İlk aşılama çalışmaları Çin’de 10. Yüzyıla kadar uzanıyor. O tarihlerde hasta kişilerin döküntülerinden alınan irinler toz haline getirilip sağlıklı insanların burunlarına sürülürmüş. Bu şekilde hastalığın hafif şekilde seyretmesi sonrasında kişinin bağışıklık kazanması amaçlanıyordu. Bu teknik tamemen kusursuz olmasa da o tarihlerde yapılan güzel bir uygulamaydı. Benzer şekilde Türklerde de aşılama teknikleri kullanılıyordu. Hastaların döküntülerinden gelen irinleri toplayan aşıcı kadınlar vardı. Bu kişiler çocukları aşılıyor ve çiçek hastalığına bağlı ölüm oranlarının %1-2’ye düşmesine yardımcı oluyordu.
İngiliz doktor Edward Jenner 18. Yüzyılda Edirne’ye yaptığı bir seyahatte Türklerde çiçek hastalığı görülme oranlarının çok düşük seyrettiğini fark etti. Sebebini araştırdığında aşıcı kadınların uygulamalarının çok etkili olduğunu gördü. 1796’da Jenner çiçek aşısının insanlardaki koruyucu etkisini gösterdi ve ilk modern çiçek aşısı geliştirilmiş oldu.
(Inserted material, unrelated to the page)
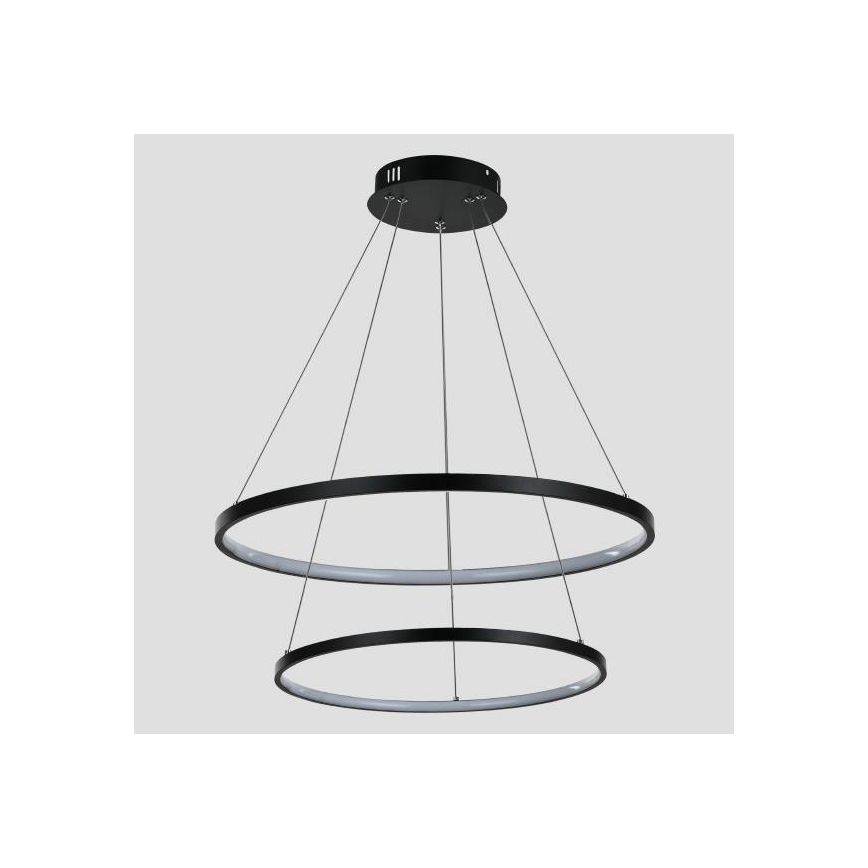 LED ljuskrona med textilsladd LED/37W/230V 3000K svart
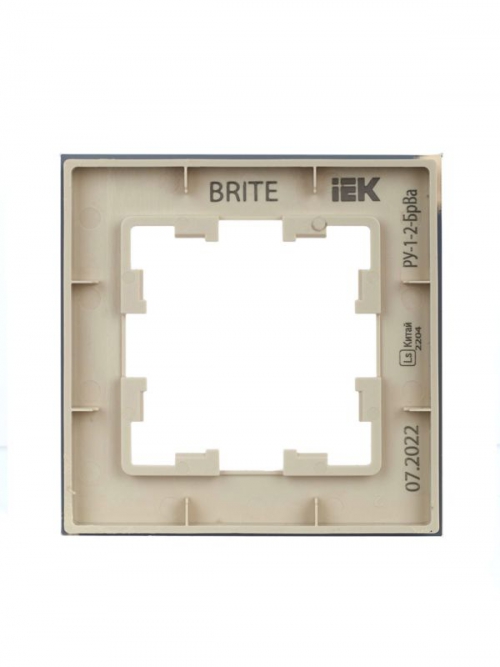Рамка 1-м BRITE РУ-1-2-БрВа стекло ванильн. IEK BR-M12-G-K10 BR-M12-G-K10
Çiçek aşısının duyurulmasından çok kısa süre sonra tüm dünyada ülkeler kanunlar çıkararak çiçek aşısını desteklediler.
Aşı çalışmaları ilerleyen yıllarda bazen zorunlu tutuldu, bazen ise yasaklandı. Ancak aşıların önemi 100 yıl sonra çok daha iyi anlaşıldı. 20. Yüzyılın başlarında aşı uygulayan Kuzey Avrupa ülkelerinde çiçek hastalığı artık görülmüyordu. 1950’lere gelindiğinde DSÖ çiçek hastalığını tamamen ortadan kaldırmak için bir eradikasyon programı başlattı. 1959’da yılda 2 milyon insanın ölümüne yol açan çiçek hastalığı 1980 yılında dünya üzerinden silinmişti. Bu aşının başarısıydı.
Hastalığın Belirtileri
Çiçek hastalığı ilk olarak tıpkı grip ve soğuk algınlığı gibi ateş, halsizlik ve kas ağrılarına neden oluyordu. Hastalık ilerledikçe virüs sindirim sistemini de etkiliyor ve mide bulantıları, kusma ve sırt ağrıları görülüyordu. Hastalığın belirgin özelliği olan deri döküntüler 12-15. günlerde çıkmaya başlıyor. Virüsün kuluçka evresi yaklaşık 12 gündür. Virüs deri hücrelerine ciddi şekilde saldırıyor. Döküntüler çıkmaya başladıktan sonra kaşıntı yapıyor ve çıkan irin virüsün daha fazla yayılmasını sağlıyor.
Çoğunlukla ilk yüz bölgesinde başlayan döküntülerden sonra hastalık dört farklı şekilde seyrediyor: Düz, değişmiş, kötü huylu ve hemorajik. Aşılanmamış kişilerde görülen çiçek hastalığı vakalarının %90 düz çiçek hastalığı grubundadır. Eradikasyondan sonra aşılanmış insanlarda çiçek hastalığına rastlanmıştı. Araştırmalar hastalığın değişmiş bir türünün olduğunu gösterdi. Kötü huylu ve hemorajik çiçek hastalıkları ise çok öldürücü bir yapıdadır.